§ DATA FOR THE TASK:
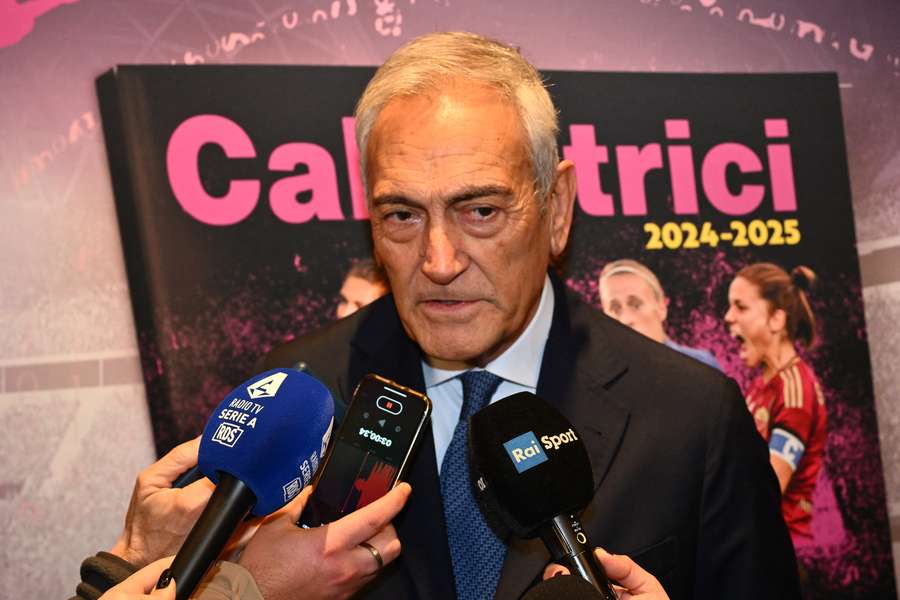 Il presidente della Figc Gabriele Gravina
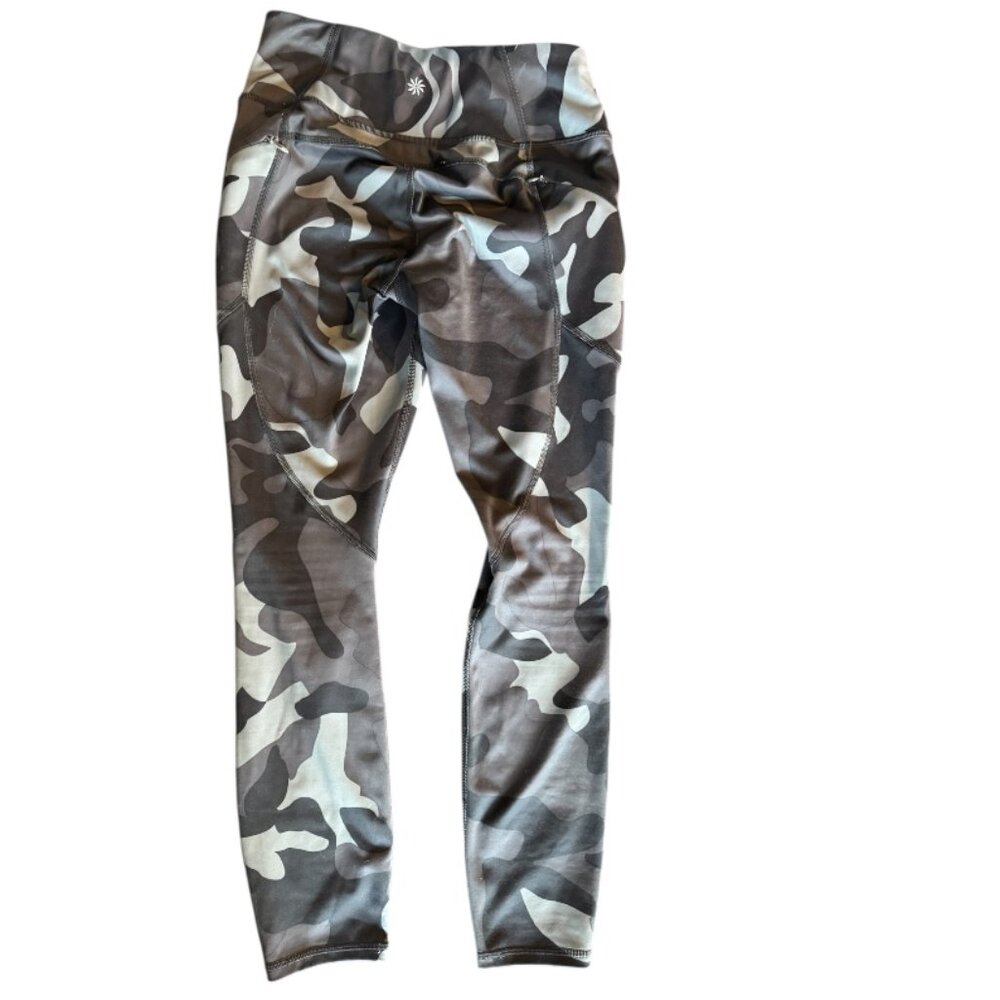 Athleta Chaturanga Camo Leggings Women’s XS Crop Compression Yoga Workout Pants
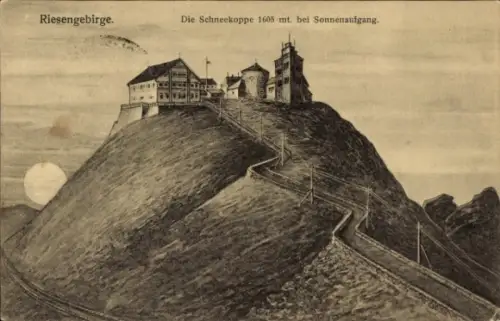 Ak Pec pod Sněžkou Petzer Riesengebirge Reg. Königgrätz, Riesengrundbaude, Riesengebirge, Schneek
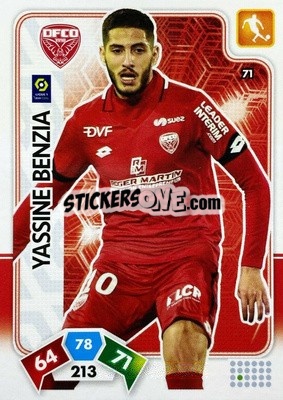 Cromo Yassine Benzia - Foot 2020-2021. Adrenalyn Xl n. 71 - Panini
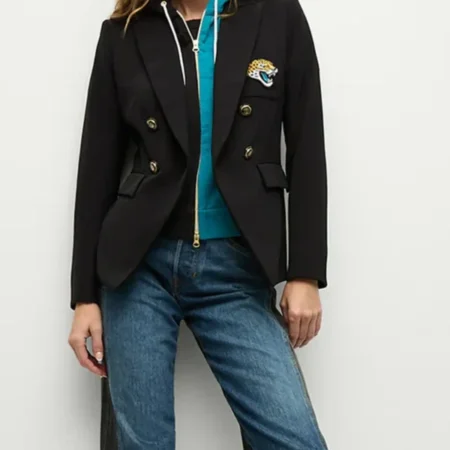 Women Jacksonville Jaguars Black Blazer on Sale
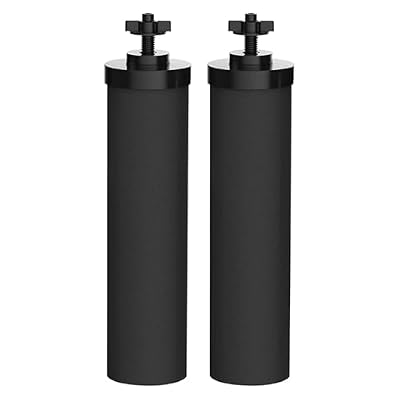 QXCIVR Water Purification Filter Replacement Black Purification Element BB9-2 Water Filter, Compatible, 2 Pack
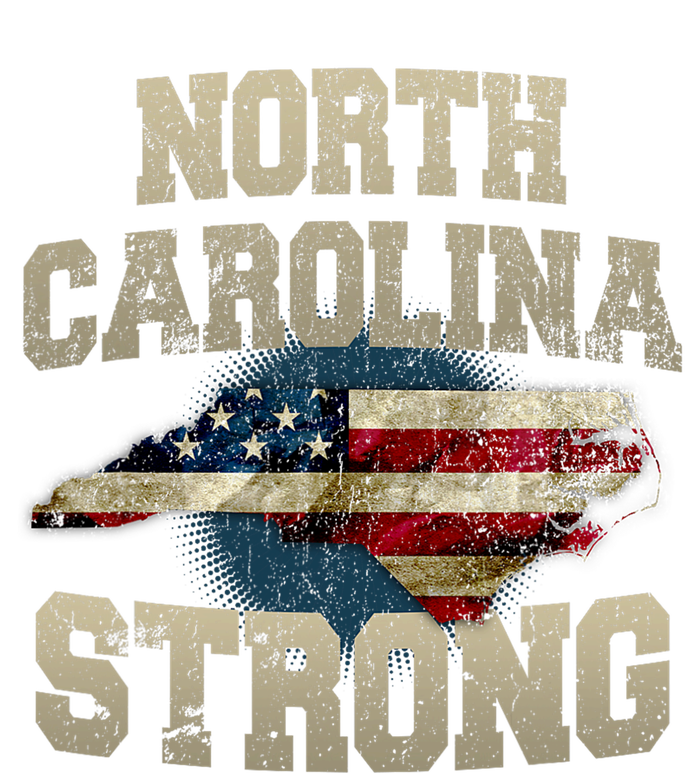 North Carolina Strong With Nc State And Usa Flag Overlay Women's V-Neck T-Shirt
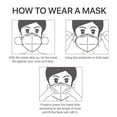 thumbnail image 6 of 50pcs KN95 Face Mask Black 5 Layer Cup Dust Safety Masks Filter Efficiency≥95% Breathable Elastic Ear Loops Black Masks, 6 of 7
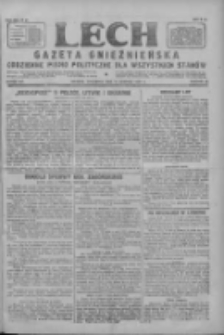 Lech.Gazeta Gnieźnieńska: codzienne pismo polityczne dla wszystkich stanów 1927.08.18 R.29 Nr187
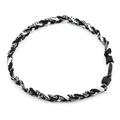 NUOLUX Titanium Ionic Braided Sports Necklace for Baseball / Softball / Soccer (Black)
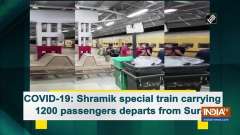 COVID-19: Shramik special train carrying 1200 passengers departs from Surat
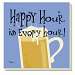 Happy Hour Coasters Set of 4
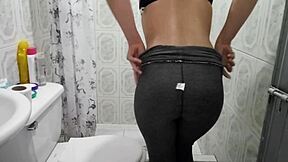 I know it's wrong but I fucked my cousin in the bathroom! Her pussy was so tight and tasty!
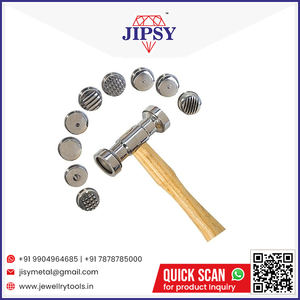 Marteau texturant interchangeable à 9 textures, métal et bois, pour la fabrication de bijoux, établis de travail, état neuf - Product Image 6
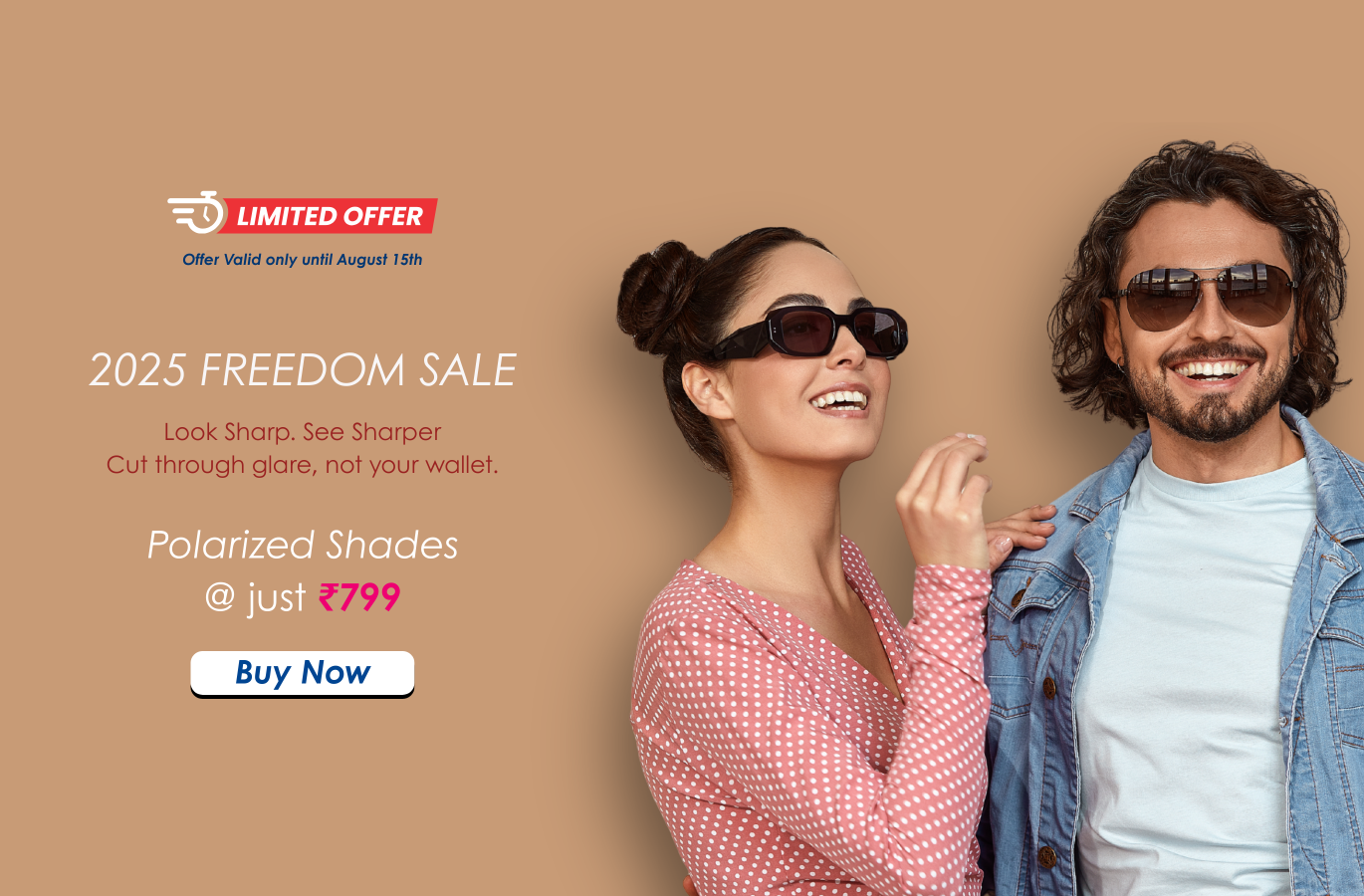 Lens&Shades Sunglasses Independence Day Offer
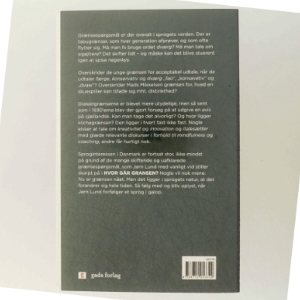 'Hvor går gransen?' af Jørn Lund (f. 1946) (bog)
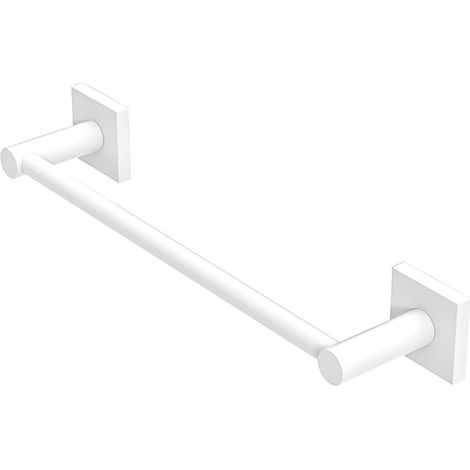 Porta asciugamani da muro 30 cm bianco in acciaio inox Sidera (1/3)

§ PROBLEM TO SOLVE:
The copy you produce must match the entries above exactly, except that it has no pictures.

§ RESPONSE AREA:
 Il presidente della Figc Gabriele Gravina
 Athleta Chaturanga Camo Leggings Women’s XS Crop Compression Yoga Workout Pants
 Ak Pec pod Sněžkou Petzer Riesengebirge Reg. Königgrätz, Riesengrundbaude, Riesengebirge, Schneek
 Cromo Yassine Benzia - Foot 2020-2021. Adrenalyn Xl n. 71 - Panini
 Women Jacksonville Jaguars Black Blazer on Sale
 QXCIVR Water Purification Filter Replacement Black Purification Element BB9-2 Water Filter, Compatible, 2 Pack
 North Carolina Strong With Nc State And Usa Flag Overlay Women's V-Neck T-Shirt
 thumbnail image 6 of 50pcs KN95 Face Mask Black 5 Layer Cup Dust Safety Masks Filter Efficiency≥95% Breathable Elastic Ear Loops Black Masks, 6 of 7
 Lech.Gazeta Gnieźnieńska: codzienne pismo polityczne dla wszystkich stanów 1927.08.18 R.29 Nr187
 NUOLUX Titanium Ionic Braided Sports Necklace for Baseball / Softball / Soccer (Black)
 COVID-19: Shramik special train carrying 1200 passengers departs from Surat
 Happy Hour Coasters Set of 4
 I know it's wrong but I fucked my cousin in the bathroom! Her pussy was so tight and tasty!
 Marteau texturant interchangeable à 9 textures, métal et bois, pour la fabrication de bijoux, établis de travail, état neuf - Product Image 6
 Lens&Shades Sunglasses Independence Day Offer
 'Hvor går gransen?' af Jørn Lund (f. 1946) (bog)
 Porta asciugamani da muro 30 cm bianco in acciaio inox Sidera (1/3)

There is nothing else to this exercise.